:: INPUT
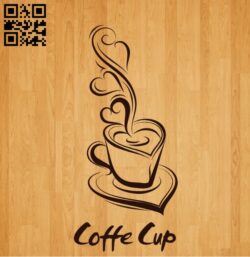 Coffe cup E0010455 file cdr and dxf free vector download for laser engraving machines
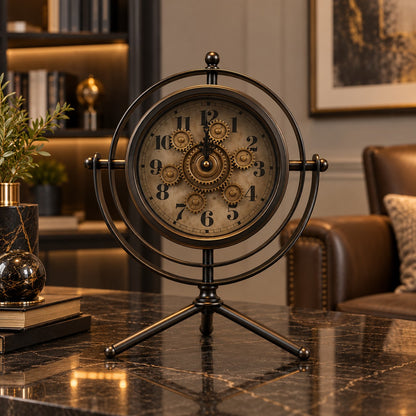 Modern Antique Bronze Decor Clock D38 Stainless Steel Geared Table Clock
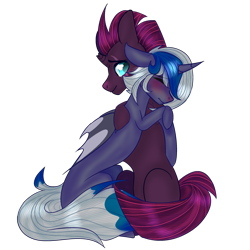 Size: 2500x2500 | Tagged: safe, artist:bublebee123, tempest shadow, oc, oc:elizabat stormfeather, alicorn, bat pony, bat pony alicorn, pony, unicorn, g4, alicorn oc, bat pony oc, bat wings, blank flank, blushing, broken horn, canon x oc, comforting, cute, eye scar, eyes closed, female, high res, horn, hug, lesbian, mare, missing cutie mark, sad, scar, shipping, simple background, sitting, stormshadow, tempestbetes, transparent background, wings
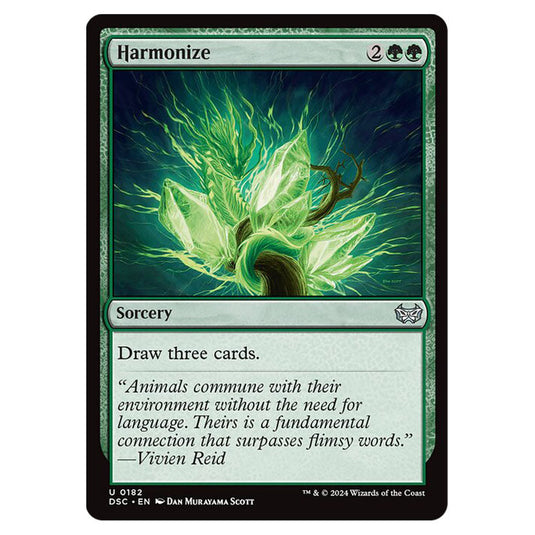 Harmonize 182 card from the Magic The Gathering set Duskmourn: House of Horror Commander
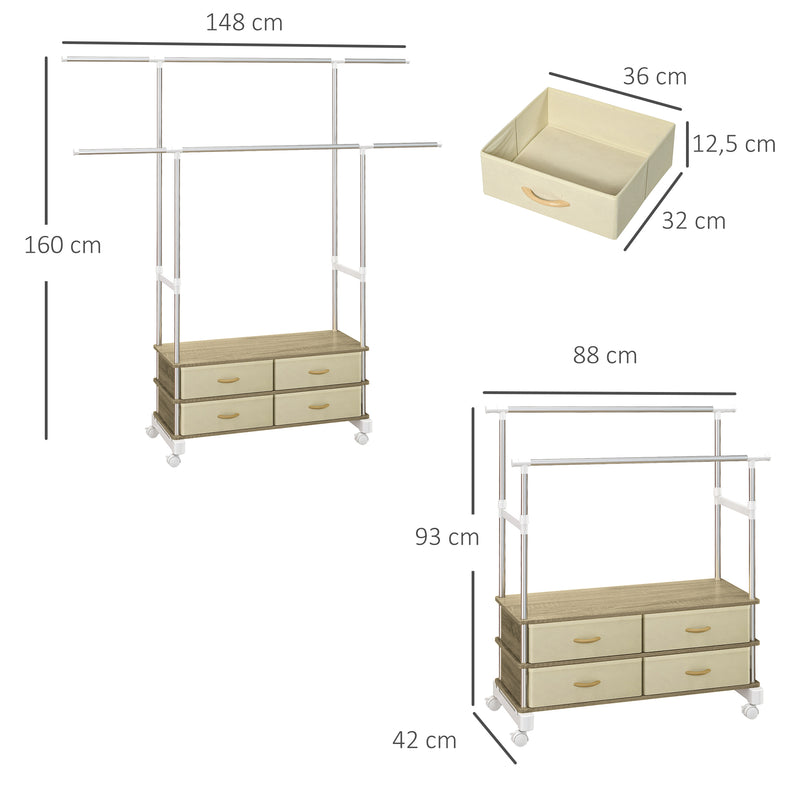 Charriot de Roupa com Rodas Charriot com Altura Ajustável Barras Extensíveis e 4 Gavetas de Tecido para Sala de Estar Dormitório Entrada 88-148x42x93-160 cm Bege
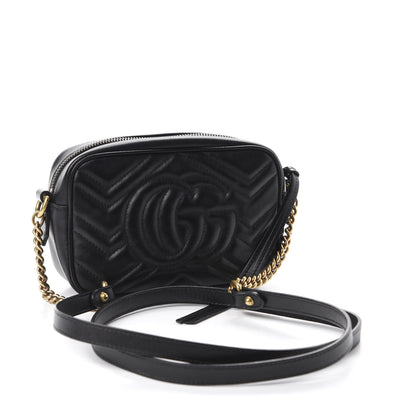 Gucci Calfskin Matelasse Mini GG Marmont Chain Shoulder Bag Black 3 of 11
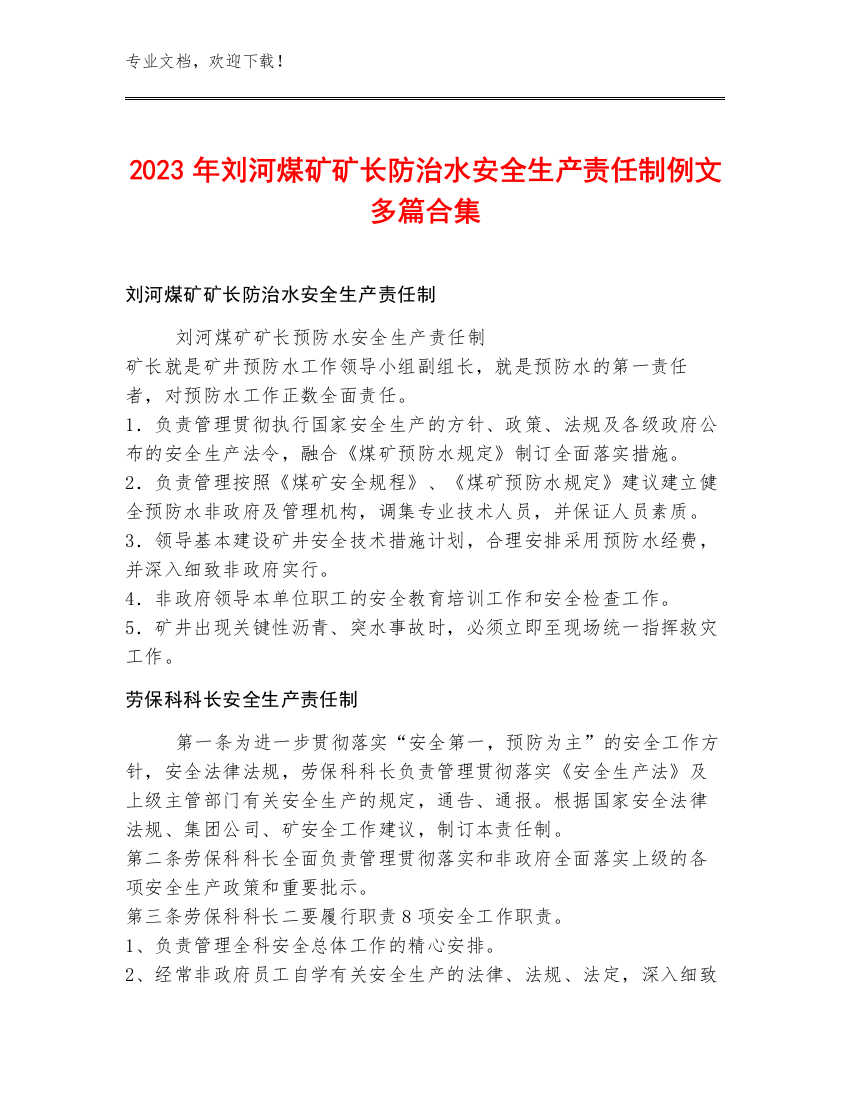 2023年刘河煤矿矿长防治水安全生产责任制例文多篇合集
::::
*AIM OF THE TASK*
Give back, exactly and with nothing added, the lines from the line with "Gucci Calfskin Matelasse" through the final line of the data, both included; leave pictures out.

*RESPONSE TO THIS TASK*
 Gucci Calfskin Matelasse Mini GG Marmont Chain Shoulder Bag Black 3 of 11
 2023年刘河煤矿矿长防治水安全生产责任制例文多篇合集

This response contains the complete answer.